• [ABOUT THIS EXERCISE] Print all the data below exactly, without images.

-- -- --

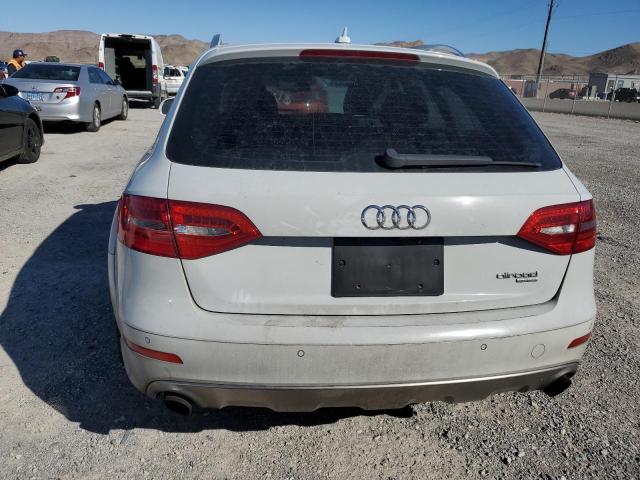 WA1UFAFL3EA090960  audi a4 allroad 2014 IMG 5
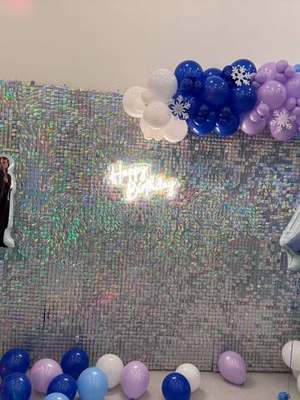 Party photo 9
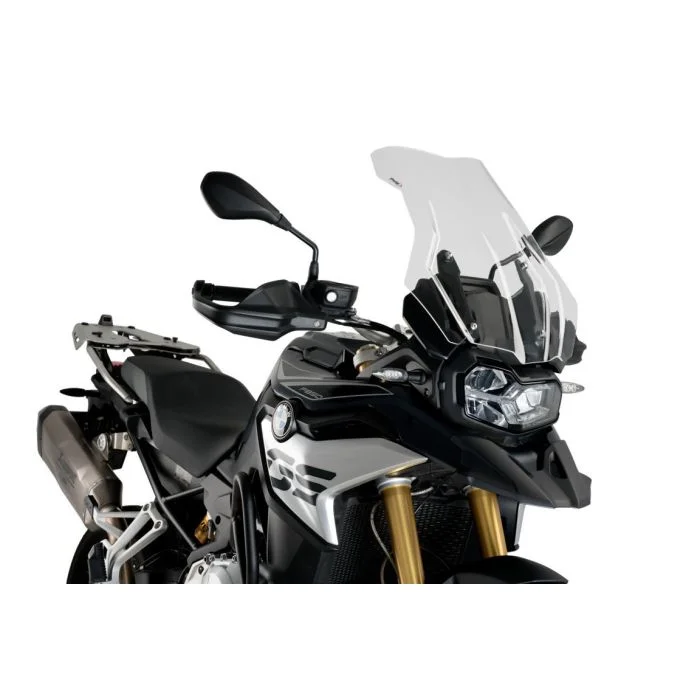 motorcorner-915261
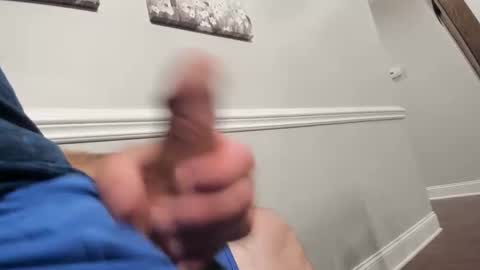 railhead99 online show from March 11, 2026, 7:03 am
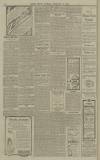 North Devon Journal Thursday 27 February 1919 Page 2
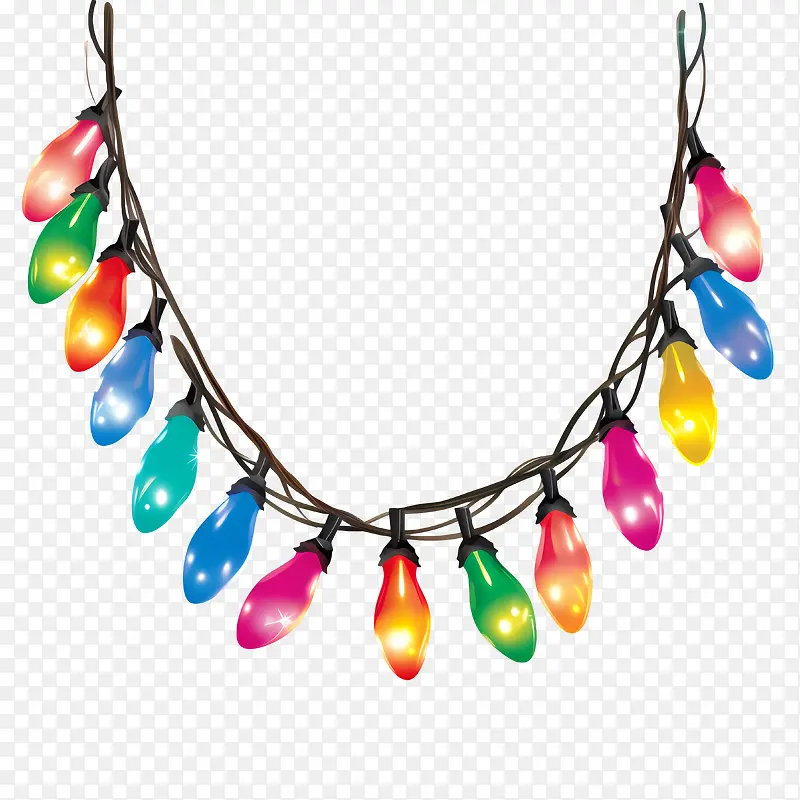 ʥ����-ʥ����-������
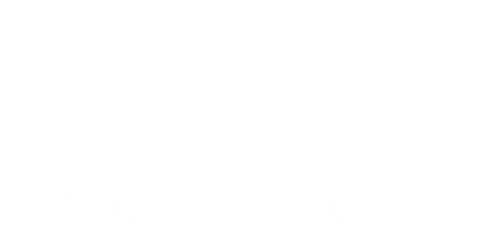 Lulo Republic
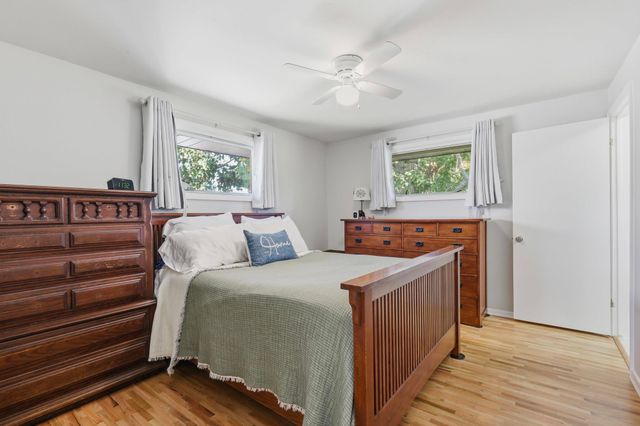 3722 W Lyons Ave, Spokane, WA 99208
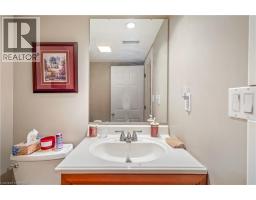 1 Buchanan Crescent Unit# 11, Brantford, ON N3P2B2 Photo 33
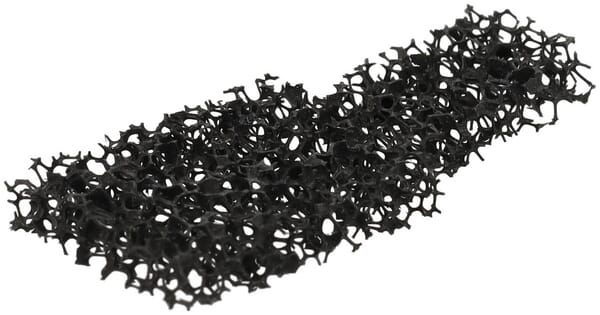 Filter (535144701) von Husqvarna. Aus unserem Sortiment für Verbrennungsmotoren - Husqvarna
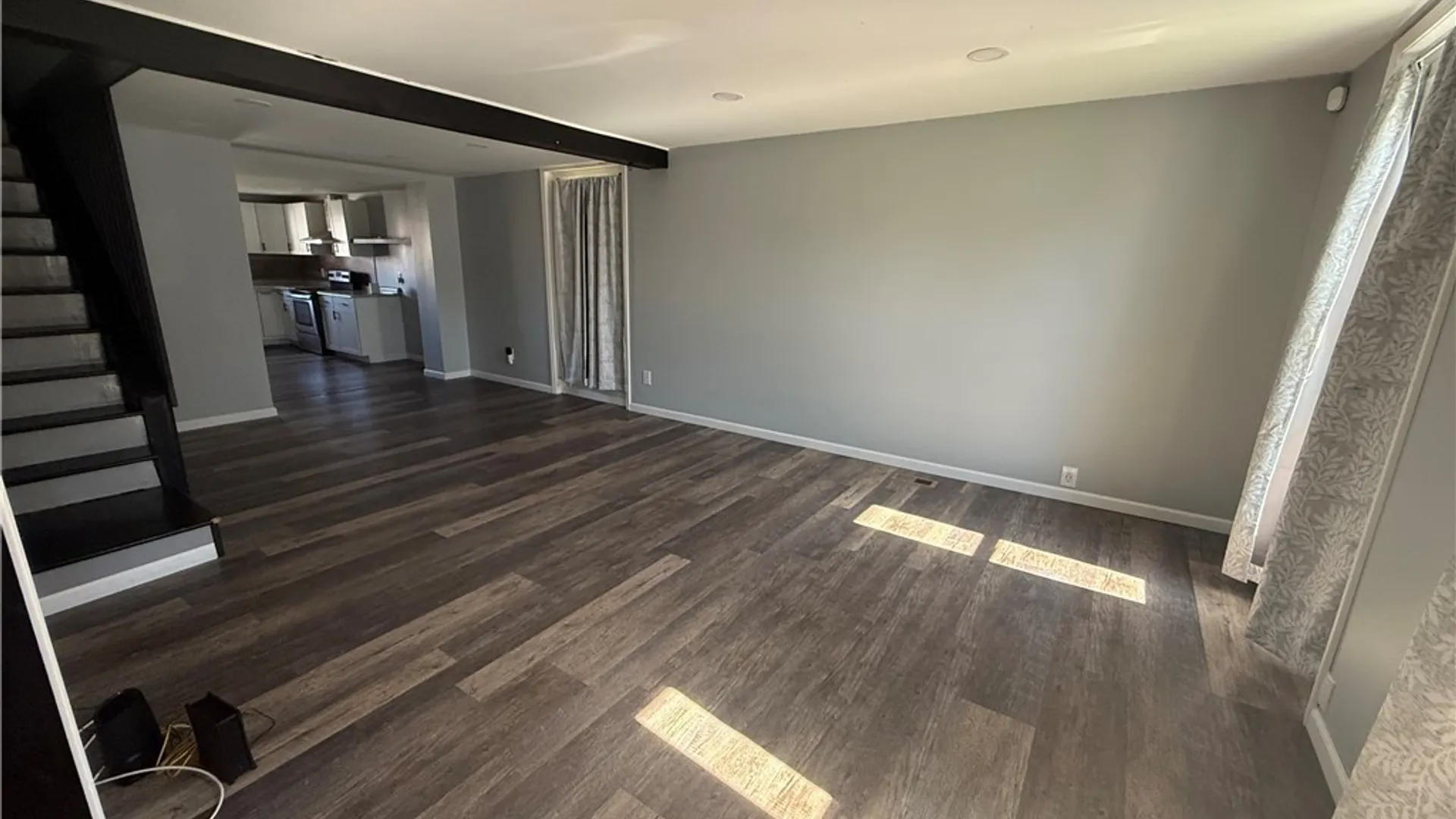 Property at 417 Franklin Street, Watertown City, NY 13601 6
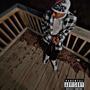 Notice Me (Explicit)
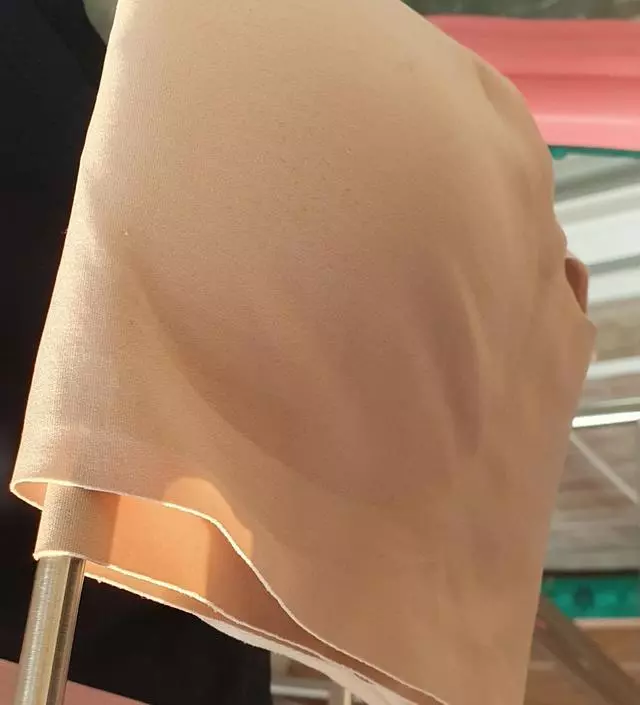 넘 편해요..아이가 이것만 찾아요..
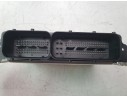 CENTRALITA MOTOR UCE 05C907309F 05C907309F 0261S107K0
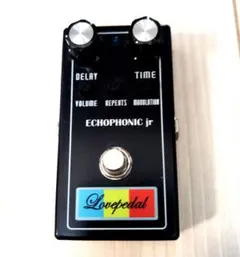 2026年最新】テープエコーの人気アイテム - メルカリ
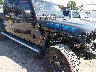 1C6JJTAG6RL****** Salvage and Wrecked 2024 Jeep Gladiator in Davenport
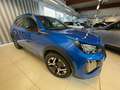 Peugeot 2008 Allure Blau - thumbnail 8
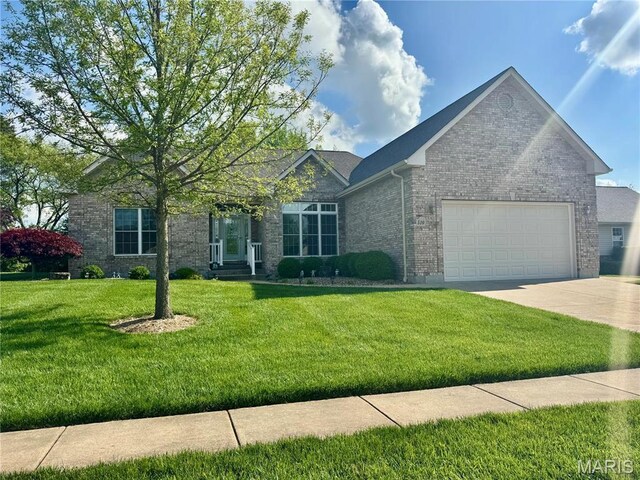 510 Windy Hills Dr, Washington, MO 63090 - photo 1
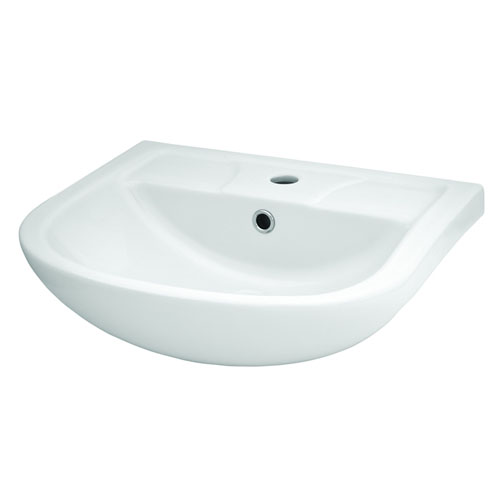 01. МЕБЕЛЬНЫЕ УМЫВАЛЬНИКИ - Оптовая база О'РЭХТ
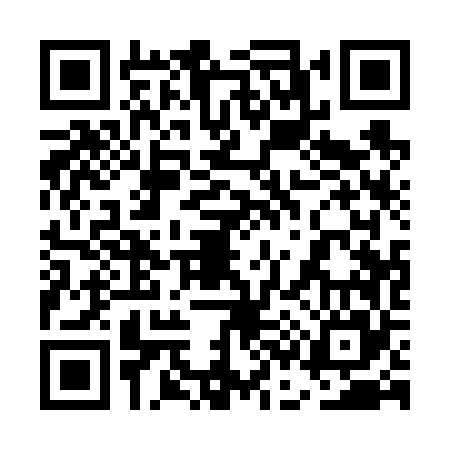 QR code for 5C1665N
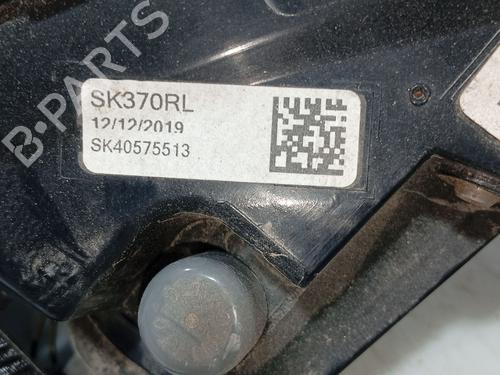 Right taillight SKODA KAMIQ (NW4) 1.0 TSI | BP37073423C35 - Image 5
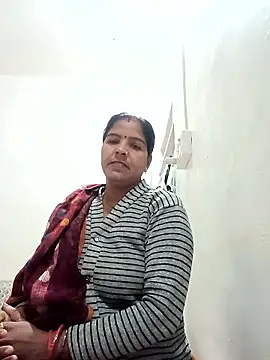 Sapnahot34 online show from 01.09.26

-- -- --

• [RESPONSE AREA]
 WA1UFAFL3EA090960  audi a4 allroad 2014 IMG 5
 Party photo 9
 motorcorner-915261
 railhead99 online show from March 11, 2026, 7:03 am
 North Devon Journal Thursday 27 February 1919 Page 2
 ʥ����-ʥ����-������
 Lulo Republic
 3722 W Lyons Ave, Spokane, WA 99208
 1 Buchanan Crescent Unit# 11, Brantford, ON N3P2B2 Photo 33
 Filter (535144701) von Husqvarna. Aus unserem Sortiment für Verbrennungsmotoren - Husqvarna
 Property at 417 Franklin Street, Watertown City, NY 13601 6
 Notice Me (Explicit)
 넘 편해요..아이가 이것만 찾아요..
 CENTRALITA MOTOR UCE 05C907309F 05C907309F 0261S107K0
 2026年最新】テープエコーの人気アイテム - メルカリ
 1C6JJTAG6RL****** Salvage and Wrecked 2024 Jeep Gladiator in Davenport
 Peugeot 2008 Allure Blau - thumbnail 8
 510 Windy Hills Dr, Washington, MO 63090 - photo 1
 01. МЕБЕЛЬНЫЕ УМЫВАЛЬНИКИ - Оптовая база О'РЭХТ
 QR code for 5C1665N
 Right taillight SKODA KAMIQ (NW4) 1.0 TSI | BP37073423C35 - Image 5
 Sapnahot34 online show from 01.09.26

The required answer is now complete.